• Collected data:
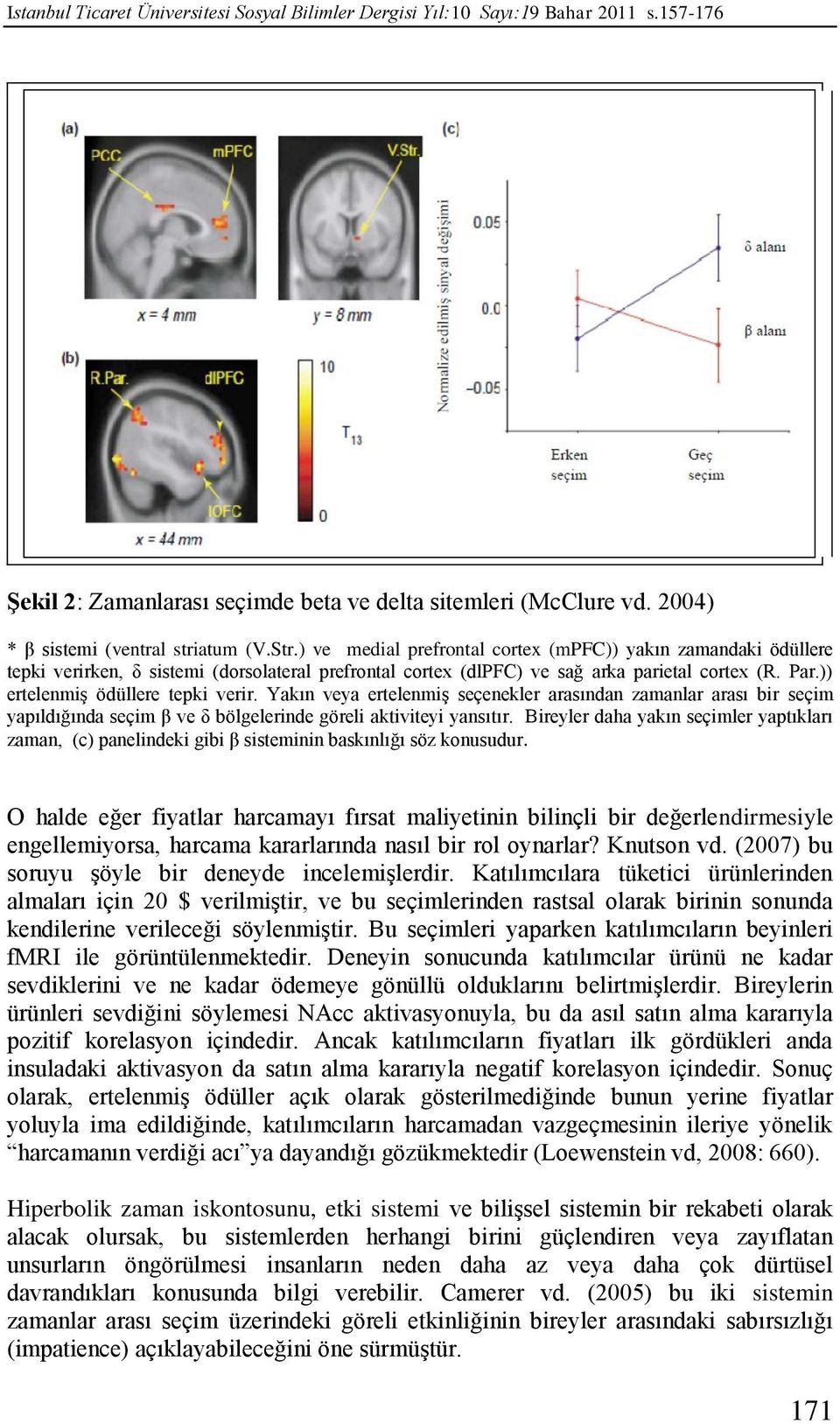 Yakın veya ertelenmiş seçenekler arasından zamanlar arası bir seçim yapıldığında seçim β ve δ bölgelerinde göreli aktiviteyi yansıtır.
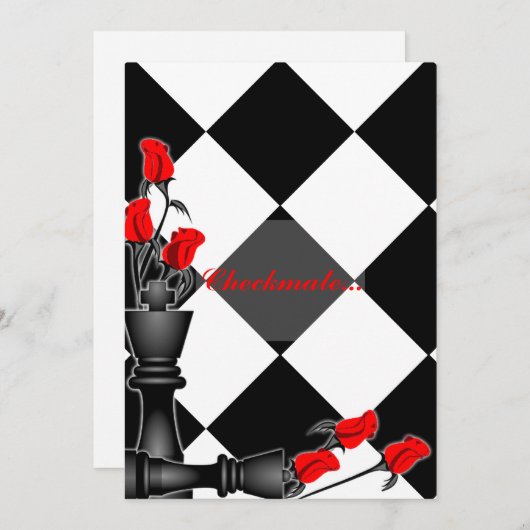 Chess and Rozen Gothic Wedding Kaart (Voorkant / Achterkant)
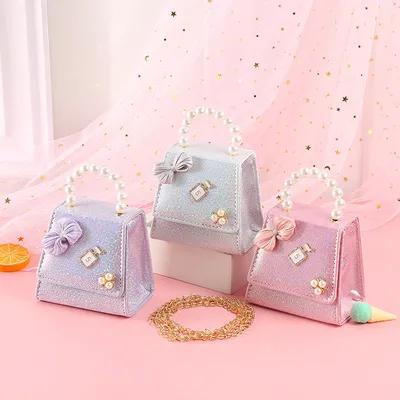Small Fragrance Children's Silk With Bow 5 Pearl Hand-Held Diagonal Span Fashion Trend Bag 816
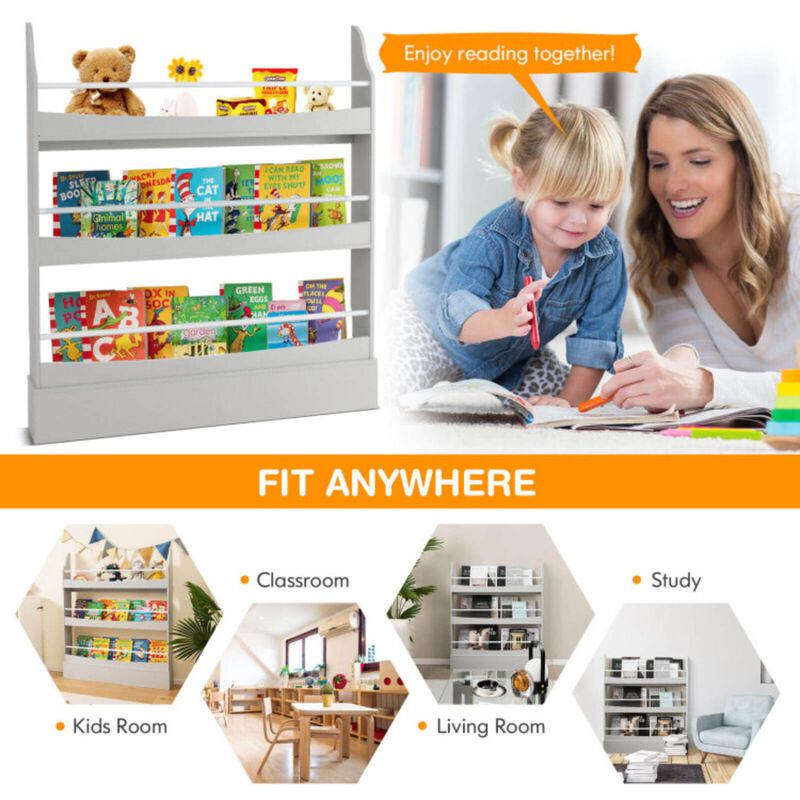 Hivvago 3-Tier Bookshelf with 2 Anti-Tipping Kits for Books and Magazines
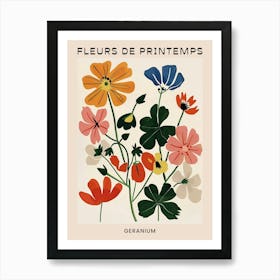 Spring Floral French Poster  Geranium 3 Art Print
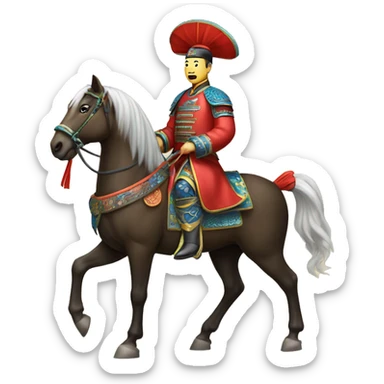 Chinese Qing dynasty general on horse sticker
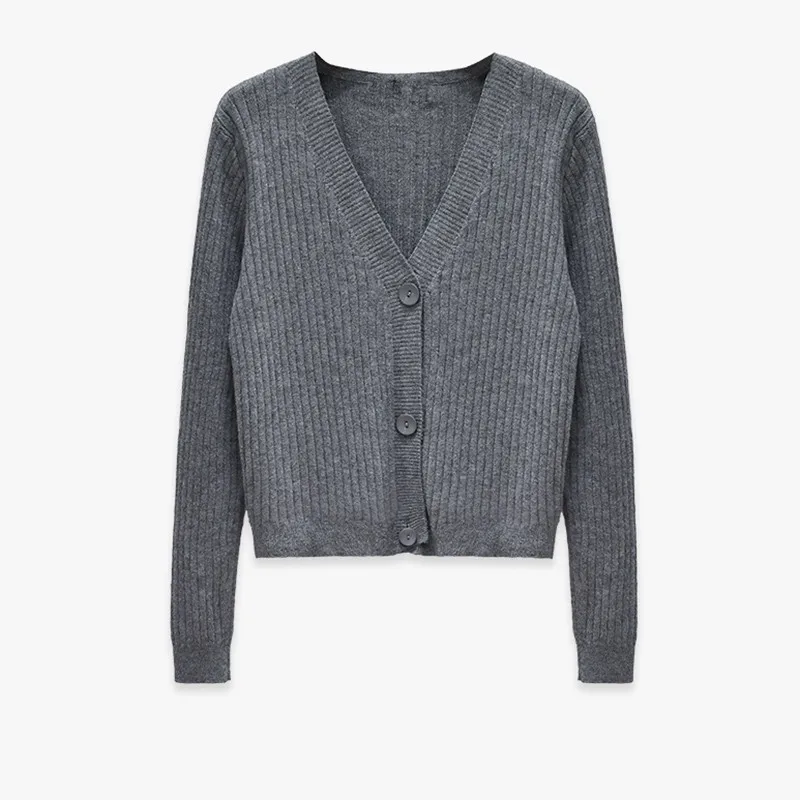 

Women's Knit Sweater 2020 New Spring Autumn Fashion Cardigan Jacket Short V-neck Thin Single-breasted Shirt Shirt Knit Jacket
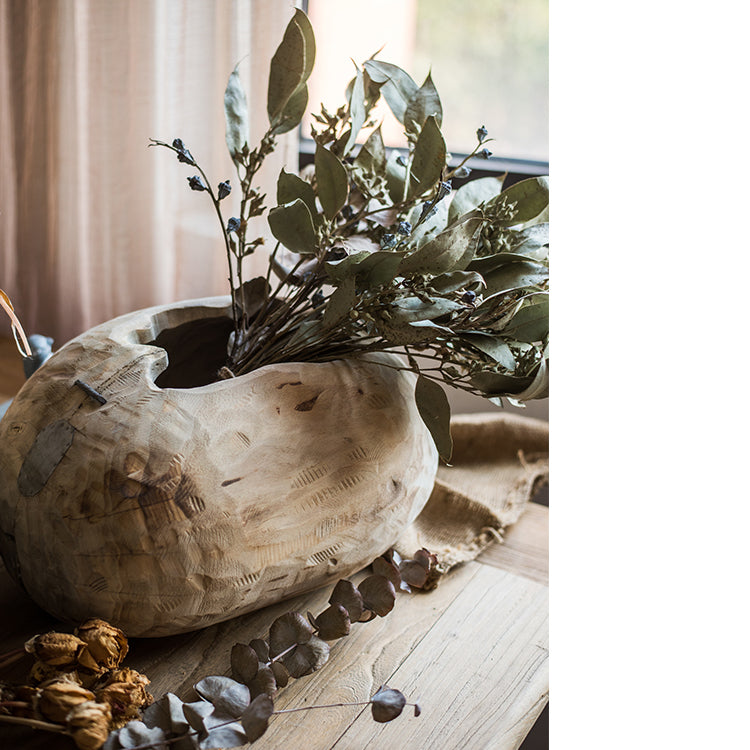 Parasol Tree Wood Natural Solid Wood Floral Container showcasing its unique brown and khaki color, perfect for floral arrangements.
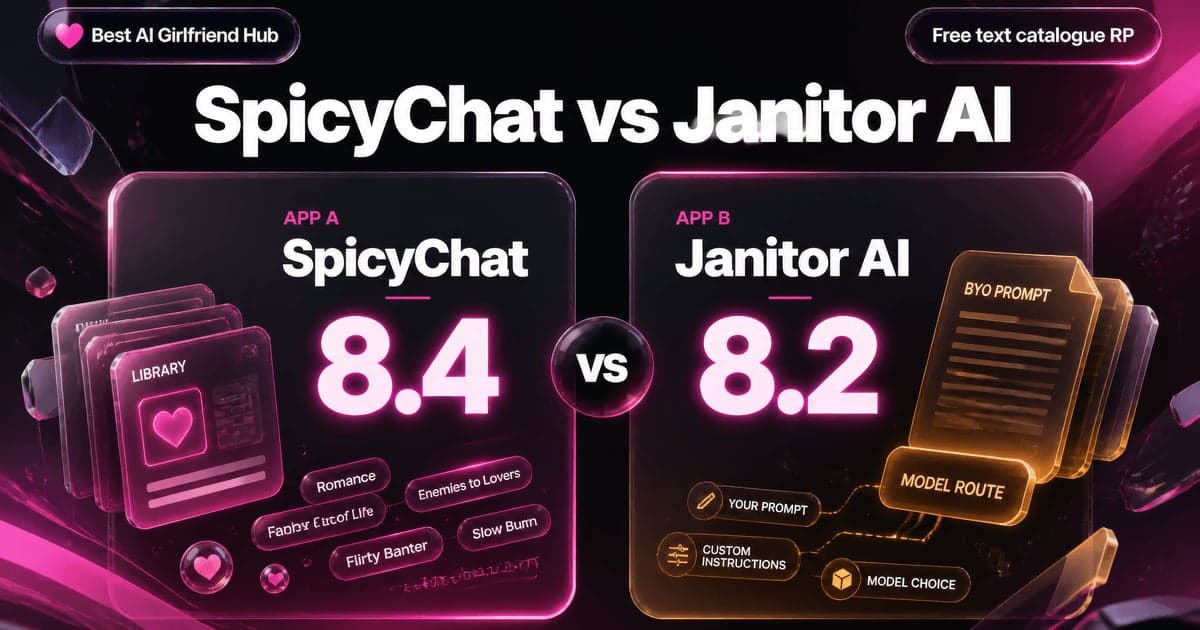 SpicyChat vs Janitor AI: Free Catalogue Rematch comparison card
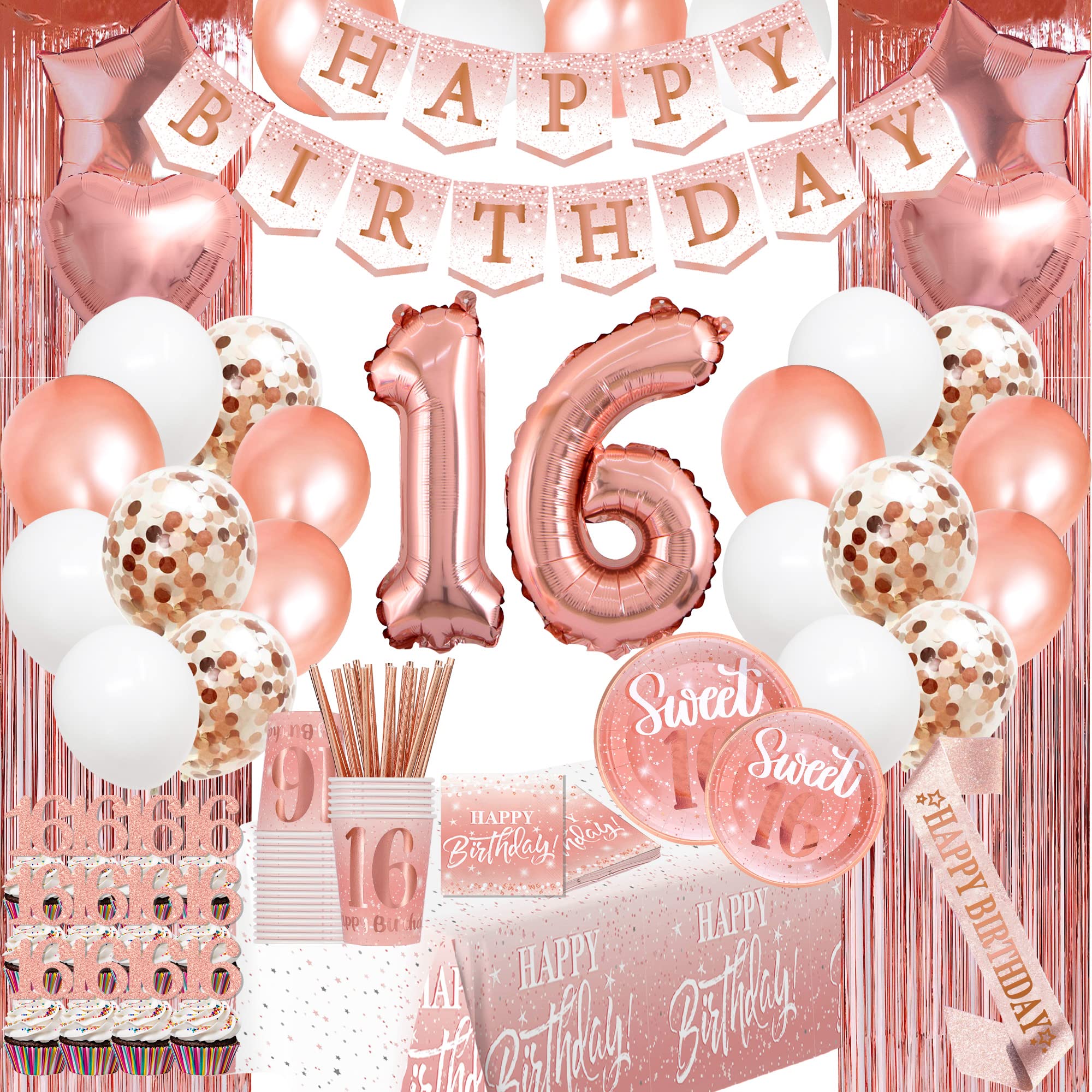 Sweet 16 Birthday Party Decorations for Girls - Rose Gold Banner, Happy Birthday Balloons & Party Supplies | 16th Birthday Celebration Decor for Teens, Quinceañera, Milestone Parties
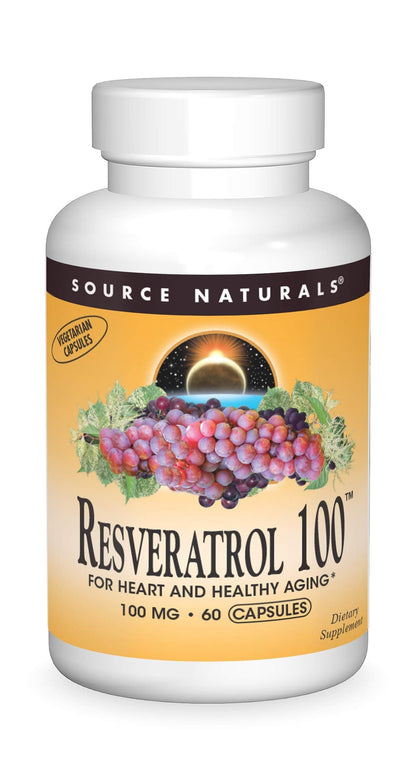 Source Naturals Resveratrol 100 mg - 60 Vegetarian Capsules | Heart Health & Healthy Aging
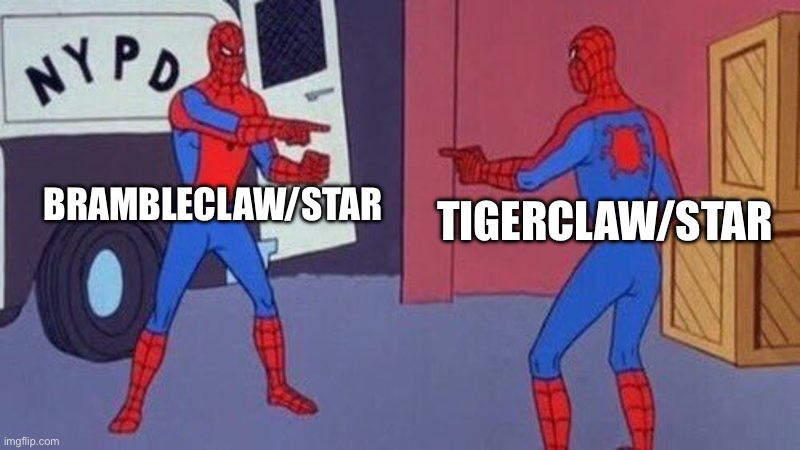 spiderman pointing at spiderman | BRAMBLECLAW/STAR; TIGERCLAW/STAR | image tagged in spiderman pointing at spiderman,warrior cats | made w/ Imgflip meme maker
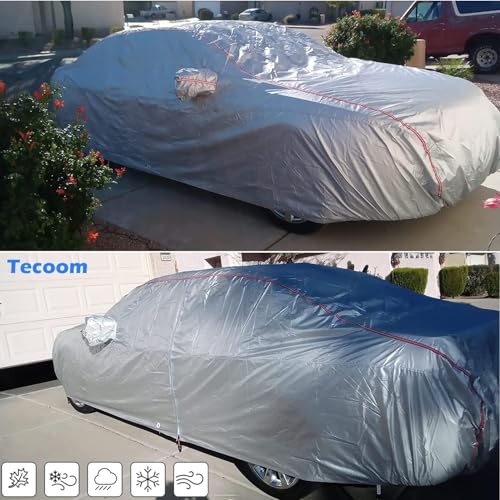 Image of Tecoom Waterproof Sedan Car Cover Oxford W /Door Zipper, All Weather Car Cover for Automobiles, UV-Proof Windproof Hail Sun Snow Protection Indoor Outdoor Full Exterior Covers Fit 201-210 Inches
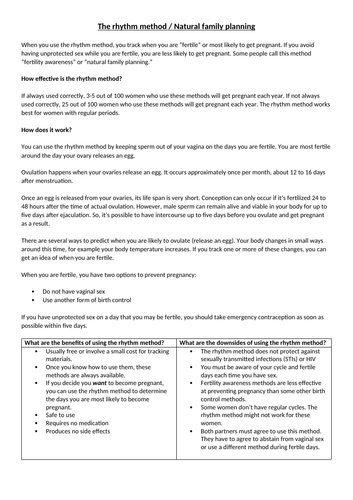 Contraception lesson - KS3 / KS4 PSHE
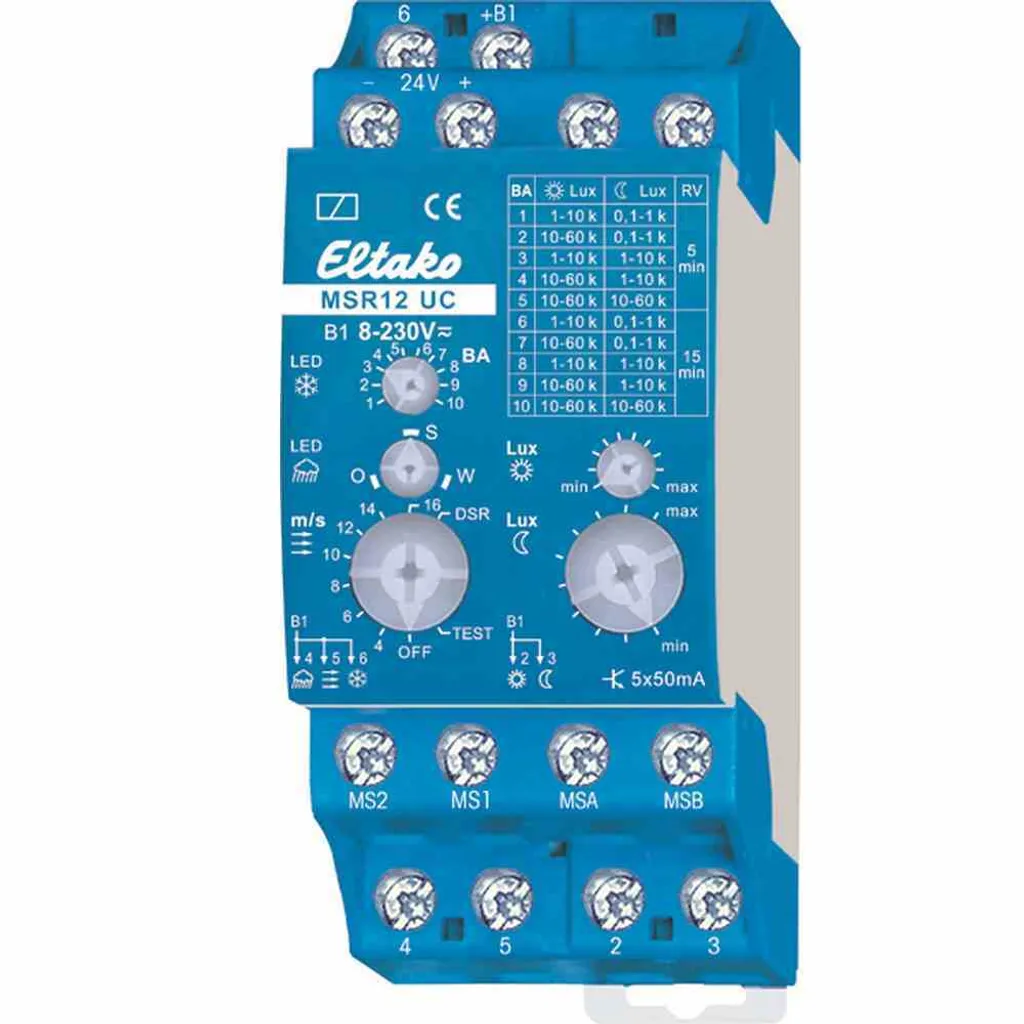 Module d'entrée MSR12-UC Eltako Rail DIN silencieux et basse conso UC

• TASK: Output only the stretch above from the line with "Parasol Tree Wood" through the line with "Sweet 16 Birthday", reproduced exactly. Exclude pictures.

• SOLUTION TO THIS TASK:
 Parasol Tree Wood Natural Solid Wood Floral Container showcasing its unique brown and khaki color, perfect for floral arrangements.
 SpicyChat vs Janitor AI: Free Catalogue Rematch comparison card
 Sweet 16 Birthday Party Decorations for Girls - Rose Gold Banner, Happy Birthday Balloons & Party Supplies | 16th Birthday Celebration Decor for Teens, Quinceañera, Milestone Parties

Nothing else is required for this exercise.